Though both teams were eager to win, the final score was a 12-12 draw, which in the end seemed to please both Andrew Loveday, the coach for Saint Anthony, and Franco-CostaRicanSchool coach Flavio Silva. The two men agreed the draw was a fair result, and, most important, the children were able to participate in a historic match. The day concluded with a match between students and teachers of the Franco-CostaRicanSchool, as well as both coaches.

The parents were also pleased, and many are eager for a second match between the under-14 teams. The coaches have promised there will be no more draws, and, as Loveday said, “After the match we are best friends, but during the game we both want nothing less than to beat the other team.”

The general mood of the public was one of enjoyment and interest in the sport. The two teams showed rivalry on the pitch but friendship after the game, which is what rugby is all about, according to Joseph Armesto, the man who made it all possible.
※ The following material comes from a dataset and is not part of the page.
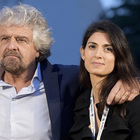 Beppe Grillo: «Virginia colpisci forte mentre riprendono fiato»  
Armesto is the president of the country’s Rugby Association, which he founded in July 2003. Subsequently, this year, the San José Rugby Club was founded. These two associations have now joined and are known as the Federation of Rugby, which is seeking national representation as well as membership for next year with the International Rugby Board, the worldwide governing body for the sport. The association has already completed two years of membership with the South American Rugby Confederation, participating in the South American Nations B Tournament and flying to Guatemala to be represented by its under-19s.

Armesto is  a rugby fanatic who encourages everyone to practice the sport and believes that rugby is not only about playing but also about the values it teaches to young children and adults. According to Armesto, the sport shows the value of teamwork and discipline and helps in the personal development of anyone who plays it.

Despite the success of the federation and the sport’s growing popularity in the country, Armesto says he won’t stop until adults, teenagers and children, both male and female, are playing rugby across the nation.